PROMPT
Everything from the line containing "Apliqa Goldie 8" through the final line of the entries, both included, should be copied exactly and with nothing else; please skip pictures.

▬▬▬

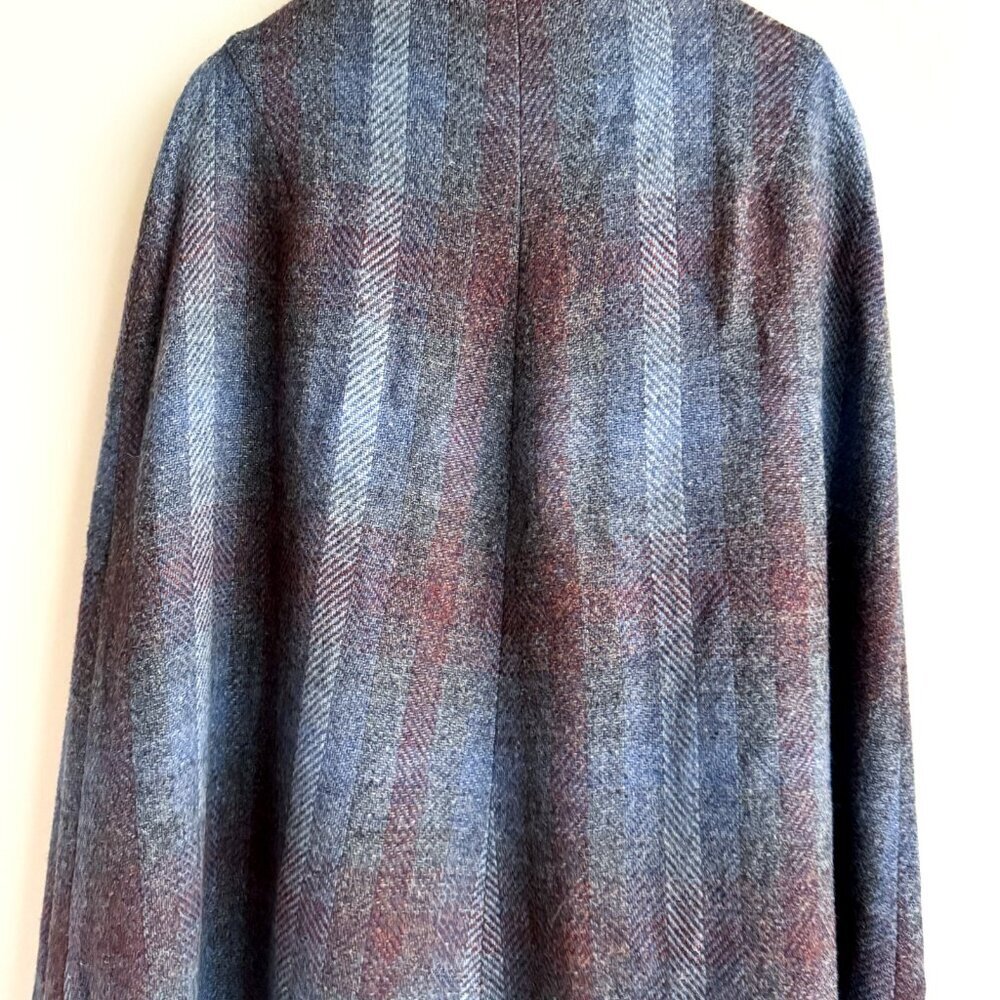 Vintage Avoca Collection Pre New Wool Blue Brown Midi Cape L - Picture 2 of 6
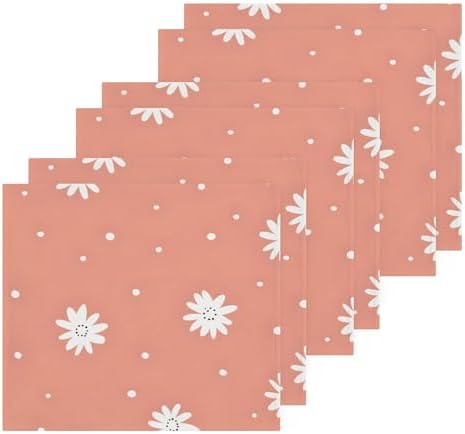 Xigua White Daisy Washcloths Set of 2 12x12 Inch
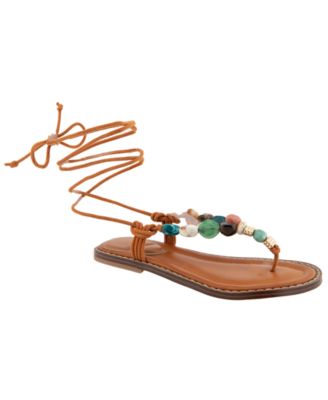 Women's Santiago Lace-Up Thong Flat Sandals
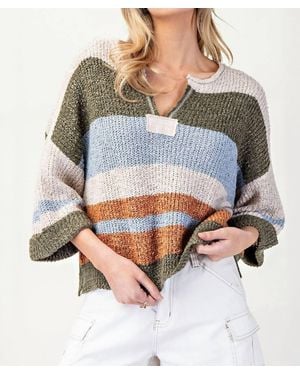 Eesome Striped Notch Collar Top - Gray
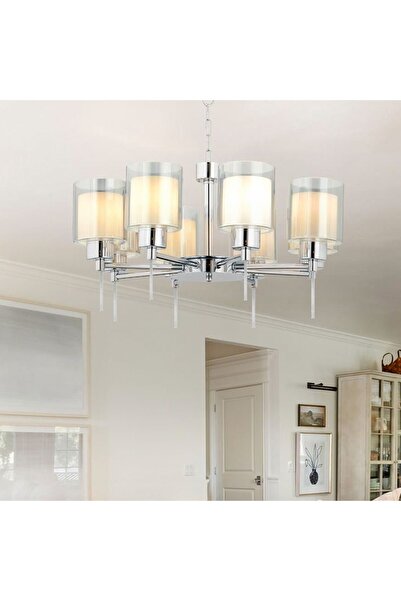 Apliqa Goldie 8 Li Krom Kaplama Modern Yatak Odası Salon Avize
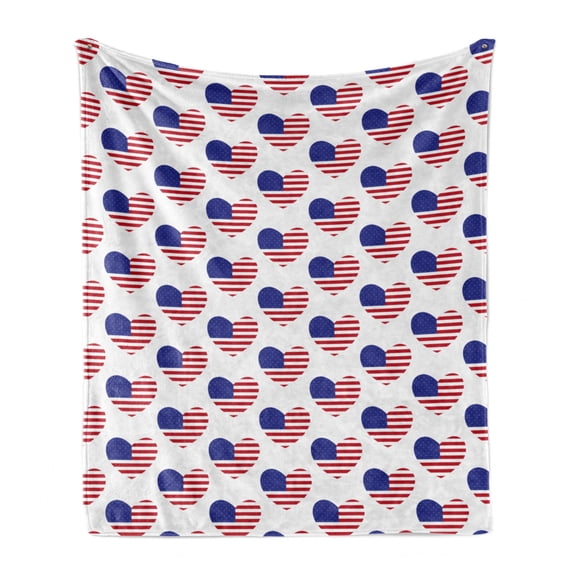 4th of July Soft Flannel Fleece Throw Blanket, Pattern American Flags in the Heart Shape Love of Nation, Cozy Plush for Indoor and Outdoor Use, 60" x 80", Red White and Navy Blue, by Ambesonne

▬▬▬

SOLUTION TO THIS TASK
 Apliqa Goldie 8 Li Krom Kaplama Modern Yatak Odası Salon Avize
 4th of July Soft Flannel Fleece Throw Blanket, Pattern American Flags in the Heart Shape Love of Nation, Cozy Plush for Indoor and Outdoor Use, 60" x 80", Red White and Navy Blue, by Ambesonne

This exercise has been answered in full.